Sangha telah dibandingkan dengan sebuah ladang yang tiada bandingannya -ladang dengan tanah subur yang menghasilkan panen berlimpah. Karena itu benih-benih perbuatan berjasa yang ditanam dalam Sangha adalah seperti menanam pada sebuah ladang dengan tanah subur, dimana hasil yang berlimpah dapat diharapkan.

Perlu diketahui bahwa kalimat yang menjelaskan sifat-sifat mulia Sangha amatlah berbeda dari kalimat yang menerangkan mengenai Sang Buddha dan Dhamma. Setengah yang pertama (bagian 1 sampai dengan 4) adalah pujian yang langsung diberikan kepada Sangha, sedangkan setengah yang kedua (bagian 5 sampai dengan 9) menekankan faedah-faedah yang dapat diberikan Sangha kepada orang-orang. Dan kedua pertengahan ini dipisahkan oleh penggolongan dari para siswa mulia. Hal-hal ini tidak terlihat dalam kalimat mengenai Buddha dan Dhamma, dimana julukan atau sifat-sifat mulia diterangkan satu demi satu.

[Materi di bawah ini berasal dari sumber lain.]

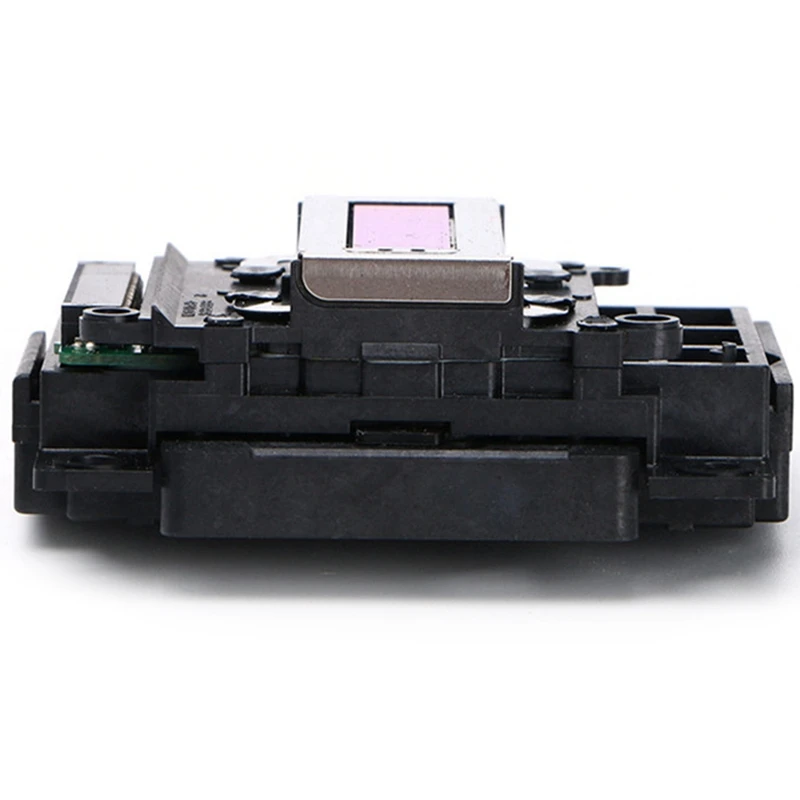 Fa04010 Fa04000 печатающая головка для Epson L110 L111 L120 L210 L211 L220 L300 L301 L303 L335 L350 L351 L353 L358 L355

7.  ALAM-ALAM MAKHLUK HIDUP (SATTAVASA)

1.    Alam makhluk dengan tubuh dan pikiran-pikiran yang berbeda.
2.    Alam makhluk dengan tubuh yang berbeda tetapi dengan pikiran-pikiran yang sama.
3.    Alam makhluk dengan tubuh yang sama tetapi dengan pikiran-pikiran yang berbeda.
4.    Alam makhluk dengan tubuh dan pikiran-pikiran yang sama.
5.    Alam makhluk tanpa pencerapan dan perasaan.
6.    Alam makhluk yang telah mencapai tingkat meditasi akasanañcayatana.
7.    Alam makhluk yang telah mencapai tingkat meditasi viññanañcayatana
8.    Alam makhluk yang telah mencapal tingkat meditasi akiñcaññayatana
9.    Alam makhluk yang telah mencapai tingkat meditasi nevasaññanasaññayatana.

An. Na. 32/413

·         KETERANGAN

Kecuali untuk No. 5 dan No. 9, untuk keterangan lebih lanjut mengenai lainnya dapat dilihat dalam No. 3, Kelompok Tujuh.

Mahluk tanpa pencerapan dan perasaan, No. 5, adalah macam makhluk yang disebut Asaññisatta atau mahluk yang tidak memiliki kesadaran.

Keterangan mengenai tingkat meditasi nevasaññanasaññayatana dapat dilihat pada No. 7 (bagian 4) Kelompok Empat.